Thank you, kwheeler8, and

Thank you, kwheeler8, and your classmates, for giving us alums access to your papers. I, too found Sosnoski and Cixous the most relevant of the readings, and I think you’ve identified what is to me the most important question.  Not all of us evolve into academics, and only a few of those into literature or literary criticism.  I think the important issue for the rest of us is how to be, live as, feminists wherever in the world we find ourselves, and also to express our feminism in whatever way suits us as individuals.  (Contrary as that may be to Kauffman’s view.)  Reading, writing as a feminist is only a part of that. 
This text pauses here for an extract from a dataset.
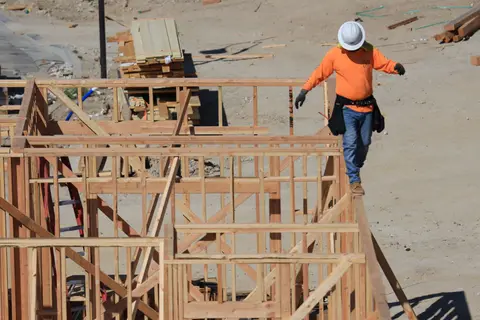 Construction worker balances carefully on a wooden frame at a building site, emphasizing safety and skill.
To me, the importance of Critical Feminist Theory is the insights offered into how culture, society and the world have been and are being structured, and what other possibilities might exist that would be better choices.  It’s important to recognize the pervasiveness of patriarchal, hierarchical thinking, and the effects that flow from such worldviews.  And then to apply that understanding in our careers, personal life, politics, etc.  Applying the tools of anthropology to Western Culture, with a feminist understanding, seems very much in the forefront of that process.  So you should definitely not feel “left out” by Cixous’ call for us to “write.”  It’s my guess that her exhortation meant (or should have meant) something much more broadly creative and expressive than merely words on paper.  --Alex ‘65 

Anne Dalke's picture

of the particularly recitudinous British persuasion

You start out, kwheeler08, by identfying the text that you have "most identified with." Can I start out by asking why the act of identification is primary for you in this analysis? That is, you don't focus on the text that stretched you the furtherest, or took you the greatest distance, but the one that seemed closest to come?

The other bit that confuses me is the contrast of your belief, nurtured by your study of anthropology, that "what we believe to be right or true is always subjective," and your "fear of being judged." Once we acknowledge the constructedness of our positions, doesn't some of that fear dissipate? Why has it not for you? (I think this is Sosnoski's argument...if we give up one term of your title--falsifiability--we can give up the other one--fear.)

You go on to say that you buy Sosnoski's sermon about "collaboration, community and concurrence"; you might be interested to know that faculty and staff at Bryn Mawr have also begun to meet, in anticipation of our coming change in adminstration, to imagine building a community together with many of those characteristics; our language has been that of generosity and trust and forgiveness.

What's most striking to me in your piece, though, is your final hope that "there are alternatives for non-writers," alternatives to speaking out in order to bring about change. Why do you want such alternatives? What might those alternatives be, and how can you identify them? Where will you look for them?